KM shell and diacritic variable names / values

Works quite well but how to "help" echo to display what expected?

KM shell and diacritic variable names : values.kmmacros (27.4 KB)

Thanks,
--Alain

Hey Alain,

Please post the actual macro, so people don’t have to recreate it to test.

-Chris

You are right: Done :wink:

I suspect this is really a bash issue (or an OS X issue) with little or nothing to do with Keyboard Maestro.

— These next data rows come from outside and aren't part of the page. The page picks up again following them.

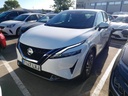 NISSAN Other 1332.0 cc Manual (2022)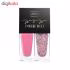 لاک ناخن ویبو مدل Posh Box شماره 2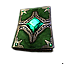Terrnox's Aether Tome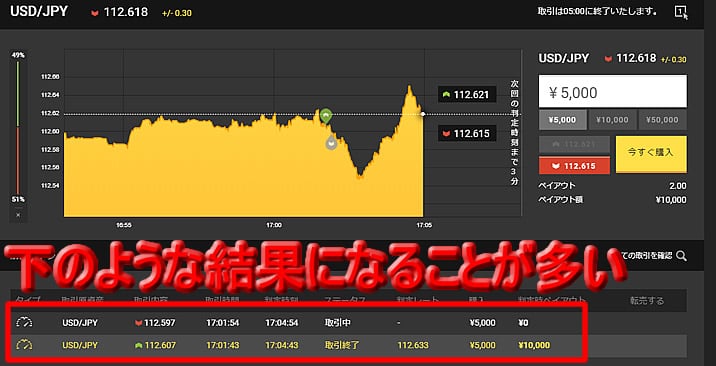 現実と理想2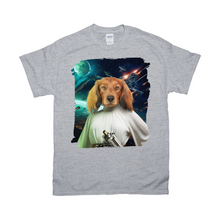 Load image into Gallery viewer, Apparel-DTG-Tshirt-Gildan-2000-S-SportGrey-Mens-CF-20250208220918578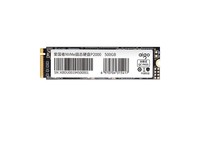 【手慢无】爱国者500GB SSD固态硬盘粉丝价249元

Keyboard Maestro sets the environment variables via a a dictionary of high level full unicode strings - what happens after that is largely outside Keyboard Maestro’s control.

But for example:

% KMVAR_mg__test_appele=hello
% KMVAR_mg__test_appelé=hello
sh: KMVAR_mg__test_appelé=hello: command not found

I’ve searched around but cannot find much definitive on the behaviour of non-ascii environment variable names I’m afraid.

Thanks Peter for your testing.

I am not an shell expert :wink: but reading bash man:

  • From the Definitions section in the manual page of bash:

name A word consisting only of alphanumeric characters and underscores, and beginning with an alphabetic character or an underscore. Also referred to as an identifier.

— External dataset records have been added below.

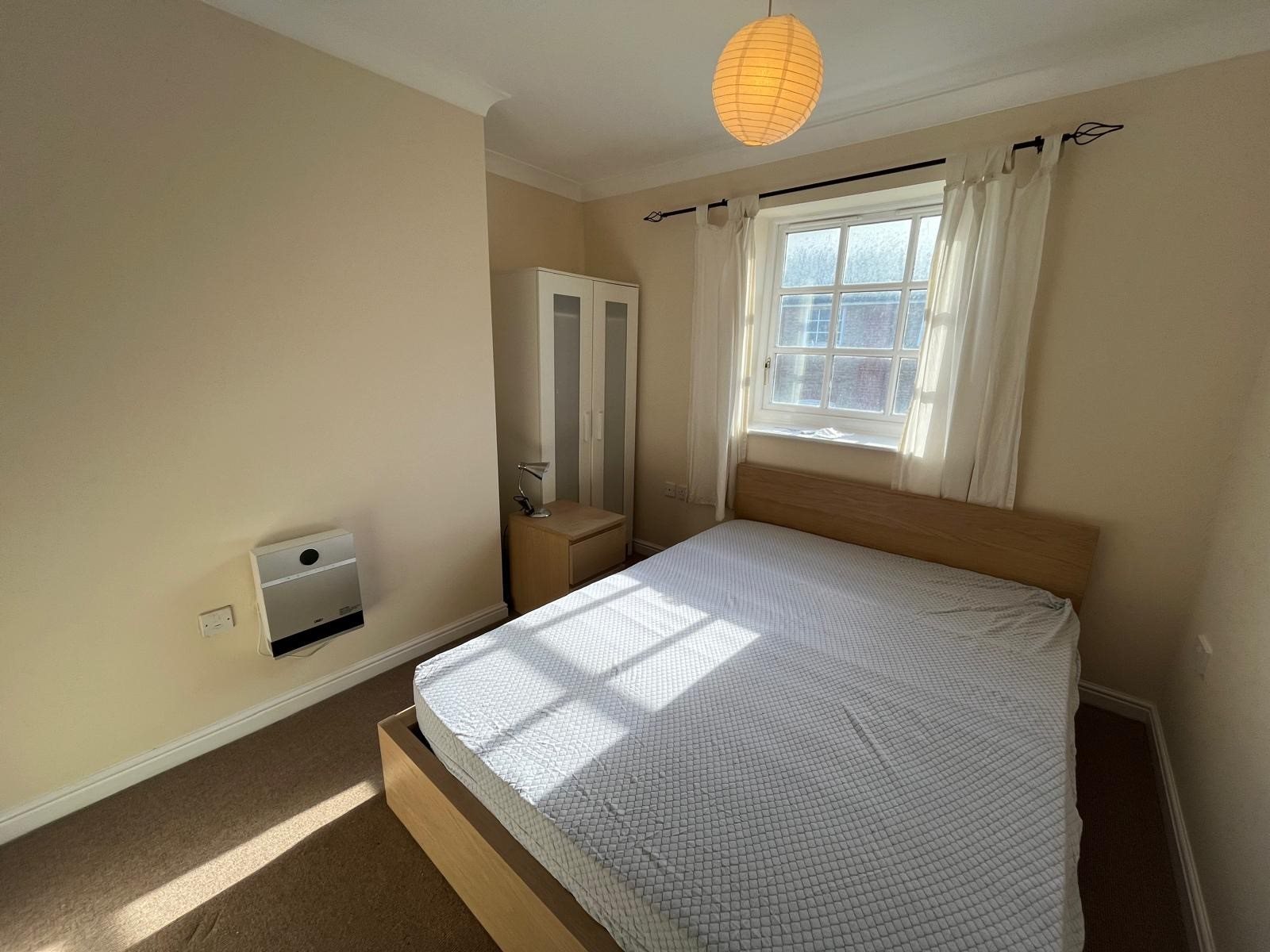 2 bed flat to rent in Albany Gardens, Colchester, CO2  - Property Image 6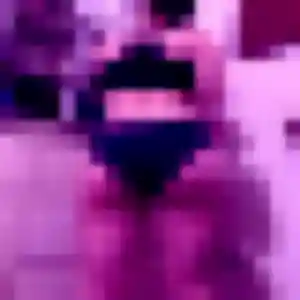 rencontre sexe à Le Teich : photo de Mia, 26 ans - accès libre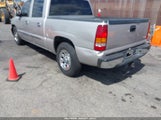 GMC SIERRA 1500 SLE1 2GTEC13T861163968 снимка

  • From the Parameters section in the manual page of bash:

A parameter is an entity that stores values. It can be a name, a number, or one of the special characters listed below under Special Parameters. A variable is a parameter denoted by a name.

and discouraged the tcsh man:

Native Language System support (+)
The shell is eight bit clean (if so compiled; see the version shell variable) and thus supports character sets needing this capability. NLS support differs depending on whether or not the shell was compiled to use the system’s NLS (again, see version). In either case, 7-bit ASCII is the default character code (e.g., the classification of which characters are printable) and sorting, and changing the LANG or LC_CTYPE environment variables causes a check for possible changes in these respects.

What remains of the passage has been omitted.